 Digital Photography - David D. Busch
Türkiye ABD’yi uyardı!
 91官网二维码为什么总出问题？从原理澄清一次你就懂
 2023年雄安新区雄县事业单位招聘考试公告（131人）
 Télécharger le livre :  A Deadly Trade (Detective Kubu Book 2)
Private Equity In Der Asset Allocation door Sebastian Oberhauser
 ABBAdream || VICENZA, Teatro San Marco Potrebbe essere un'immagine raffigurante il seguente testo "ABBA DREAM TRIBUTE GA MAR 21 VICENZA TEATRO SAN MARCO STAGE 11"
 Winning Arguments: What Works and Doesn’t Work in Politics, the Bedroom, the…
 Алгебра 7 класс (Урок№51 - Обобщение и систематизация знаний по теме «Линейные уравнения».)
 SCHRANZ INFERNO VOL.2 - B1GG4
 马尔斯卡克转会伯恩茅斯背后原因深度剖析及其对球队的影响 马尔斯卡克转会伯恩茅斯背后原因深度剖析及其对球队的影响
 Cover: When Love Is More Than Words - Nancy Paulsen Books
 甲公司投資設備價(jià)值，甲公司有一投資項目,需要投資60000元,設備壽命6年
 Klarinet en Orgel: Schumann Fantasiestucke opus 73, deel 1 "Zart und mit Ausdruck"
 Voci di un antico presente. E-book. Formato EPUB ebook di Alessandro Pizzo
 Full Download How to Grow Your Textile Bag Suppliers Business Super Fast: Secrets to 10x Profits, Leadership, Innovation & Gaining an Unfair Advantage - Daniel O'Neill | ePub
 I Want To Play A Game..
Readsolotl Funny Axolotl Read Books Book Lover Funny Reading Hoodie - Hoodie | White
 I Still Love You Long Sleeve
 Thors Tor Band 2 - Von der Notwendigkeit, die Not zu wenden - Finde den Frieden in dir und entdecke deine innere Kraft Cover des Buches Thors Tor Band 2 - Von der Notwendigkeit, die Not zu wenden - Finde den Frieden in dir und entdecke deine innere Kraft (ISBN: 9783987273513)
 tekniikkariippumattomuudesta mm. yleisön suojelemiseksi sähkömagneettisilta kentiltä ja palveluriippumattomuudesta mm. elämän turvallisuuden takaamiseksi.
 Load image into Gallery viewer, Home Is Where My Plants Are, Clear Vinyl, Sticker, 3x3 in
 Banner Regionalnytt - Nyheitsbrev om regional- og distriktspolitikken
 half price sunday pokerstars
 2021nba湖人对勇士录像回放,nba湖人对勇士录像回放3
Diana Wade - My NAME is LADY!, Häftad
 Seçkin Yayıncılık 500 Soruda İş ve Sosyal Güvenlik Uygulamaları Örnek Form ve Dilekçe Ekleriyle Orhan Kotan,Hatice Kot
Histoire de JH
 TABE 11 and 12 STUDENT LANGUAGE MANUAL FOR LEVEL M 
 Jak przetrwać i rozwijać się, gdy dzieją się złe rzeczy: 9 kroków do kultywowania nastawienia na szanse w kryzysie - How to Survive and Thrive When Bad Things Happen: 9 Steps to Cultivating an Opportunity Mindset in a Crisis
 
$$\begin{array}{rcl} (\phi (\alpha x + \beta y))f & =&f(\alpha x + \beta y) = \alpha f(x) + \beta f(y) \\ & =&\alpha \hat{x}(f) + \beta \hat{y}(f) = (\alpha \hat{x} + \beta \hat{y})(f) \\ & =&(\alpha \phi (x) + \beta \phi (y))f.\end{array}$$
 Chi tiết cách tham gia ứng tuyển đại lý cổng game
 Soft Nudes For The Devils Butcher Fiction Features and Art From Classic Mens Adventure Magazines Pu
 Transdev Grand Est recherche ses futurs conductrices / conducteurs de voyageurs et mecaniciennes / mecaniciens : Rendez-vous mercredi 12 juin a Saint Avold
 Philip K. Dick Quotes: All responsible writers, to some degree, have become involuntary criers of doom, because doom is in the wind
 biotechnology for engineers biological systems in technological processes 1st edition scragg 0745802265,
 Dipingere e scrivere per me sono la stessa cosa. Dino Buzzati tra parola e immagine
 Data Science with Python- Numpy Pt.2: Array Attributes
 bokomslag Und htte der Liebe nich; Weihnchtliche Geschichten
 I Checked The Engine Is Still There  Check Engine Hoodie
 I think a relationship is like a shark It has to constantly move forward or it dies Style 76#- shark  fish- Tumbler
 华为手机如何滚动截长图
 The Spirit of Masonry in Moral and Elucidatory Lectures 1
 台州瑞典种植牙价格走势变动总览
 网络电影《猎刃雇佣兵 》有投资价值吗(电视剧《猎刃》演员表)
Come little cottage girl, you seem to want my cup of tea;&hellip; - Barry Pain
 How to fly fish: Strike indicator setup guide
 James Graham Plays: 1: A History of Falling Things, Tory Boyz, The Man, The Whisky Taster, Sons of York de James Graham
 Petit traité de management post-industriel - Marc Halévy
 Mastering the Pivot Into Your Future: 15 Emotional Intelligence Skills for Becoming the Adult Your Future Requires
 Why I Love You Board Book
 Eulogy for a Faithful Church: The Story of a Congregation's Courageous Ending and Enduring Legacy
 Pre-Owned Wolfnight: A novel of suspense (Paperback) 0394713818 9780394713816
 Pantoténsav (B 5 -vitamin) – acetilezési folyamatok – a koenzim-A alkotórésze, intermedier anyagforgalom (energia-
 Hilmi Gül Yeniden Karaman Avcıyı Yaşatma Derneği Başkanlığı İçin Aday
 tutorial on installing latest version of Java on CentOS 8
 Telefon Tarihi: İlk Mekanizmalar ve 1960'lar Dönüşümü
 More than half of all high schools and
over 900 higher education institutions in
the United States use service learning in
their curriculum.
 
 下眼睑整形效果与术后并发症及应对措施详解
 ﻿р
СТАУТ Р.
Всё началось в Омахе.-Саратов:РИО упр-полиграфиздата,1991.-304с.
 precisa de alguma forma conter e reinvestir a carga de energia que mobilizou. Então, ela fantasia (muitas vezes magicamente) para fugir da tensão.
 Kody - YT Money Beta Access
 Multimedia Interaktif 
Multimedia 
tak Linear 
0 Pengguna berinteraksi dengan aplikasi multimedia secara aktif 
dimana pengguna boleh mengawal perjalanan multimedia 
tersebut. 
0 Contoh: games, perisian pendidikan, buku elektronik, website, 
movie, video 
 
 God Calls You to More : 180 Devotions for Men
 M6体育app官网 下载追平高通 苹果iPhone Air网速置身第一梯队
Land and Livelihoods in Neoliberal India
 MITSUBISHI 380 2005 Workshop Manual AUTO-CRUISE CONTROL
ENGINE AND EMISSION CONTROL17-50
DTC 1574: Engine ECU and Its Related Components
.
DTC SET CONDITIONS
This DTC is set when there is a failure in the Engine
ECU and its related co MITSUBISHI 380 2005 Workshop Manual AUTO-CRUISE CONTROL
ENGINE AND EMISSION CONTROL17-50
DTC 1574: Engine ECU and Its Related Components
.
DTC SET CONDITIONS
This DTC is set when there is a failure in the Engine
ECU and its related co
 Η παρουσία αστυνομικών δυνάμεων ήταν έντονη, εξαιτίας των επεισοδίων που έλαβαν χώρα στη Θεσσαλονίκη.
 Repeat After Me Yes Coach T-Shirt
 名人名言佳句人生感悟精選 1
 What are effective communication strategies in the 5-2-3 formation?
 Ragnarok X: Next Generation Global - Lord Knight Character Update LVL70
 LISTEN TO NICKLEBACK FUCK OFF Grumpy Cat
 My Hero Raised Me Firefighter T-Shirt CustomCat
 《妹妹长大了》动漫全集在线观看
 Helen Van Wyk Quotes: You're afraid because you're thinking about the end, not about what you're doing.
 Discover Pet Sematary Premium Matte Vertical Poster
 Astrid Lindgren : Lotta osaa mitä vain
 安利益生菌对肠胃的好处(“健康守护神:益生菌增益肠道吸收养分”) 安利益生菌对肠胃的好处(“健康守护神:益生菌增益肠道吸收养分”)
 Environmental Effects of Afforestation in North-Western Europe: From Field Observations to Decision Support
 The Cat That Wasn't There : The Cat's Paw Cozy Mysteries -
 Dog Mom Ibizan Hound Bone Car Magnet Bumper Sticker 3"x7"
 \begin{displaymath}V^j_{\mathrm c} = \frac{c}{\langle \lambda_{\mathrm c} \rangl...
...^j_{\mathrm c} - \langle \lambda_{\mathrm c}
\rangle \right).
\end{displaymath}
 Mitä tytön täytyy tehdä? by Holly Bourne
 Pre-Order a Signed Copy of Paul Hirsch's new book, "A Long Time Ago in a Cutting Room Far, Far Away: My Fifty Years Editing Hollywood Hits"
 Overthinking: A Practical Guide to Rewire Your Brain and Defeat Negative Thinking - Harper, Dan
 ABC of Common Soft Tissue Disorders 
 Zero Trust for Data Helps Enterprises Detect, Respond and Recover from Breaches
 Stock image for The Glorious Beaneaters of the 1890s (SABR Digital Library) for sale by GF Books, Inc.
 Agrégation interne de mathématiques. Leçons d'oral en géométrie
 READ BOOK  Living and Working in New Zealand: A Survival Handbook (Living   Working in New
--
Print again the lines of the entries above that fall between the line holding "precisa de alguma" and the line holding "Land and Livelihoods in Neoliberal India", inclusive, exactly as they stand.

 precisa de alguma forma conter e reinvestir a carga de energia que mobilizou. Então, ela fantasia (muitas vezes magicamente) para fugir da tensão.
 Kody - YT Money Beta Access
 Multimedia Interaktif 
Multimedia 
tak Linear 
0 Pengguna berinteraksi dengan aplikasi multimedia secara aktif 
dimana pengguna boleh mengawal perjalanan multimedia 
tersebut. 
0 Contoh: games, perisian pendidikan, buku elektronik, website, 
movie, video 
 
 God Calls You to More : 180 Devotions for Men
 M6体育app官网 下载追平高通 苹果iPhone Air网速置身第一梯队
Land and Livelihoods in Neoliberal India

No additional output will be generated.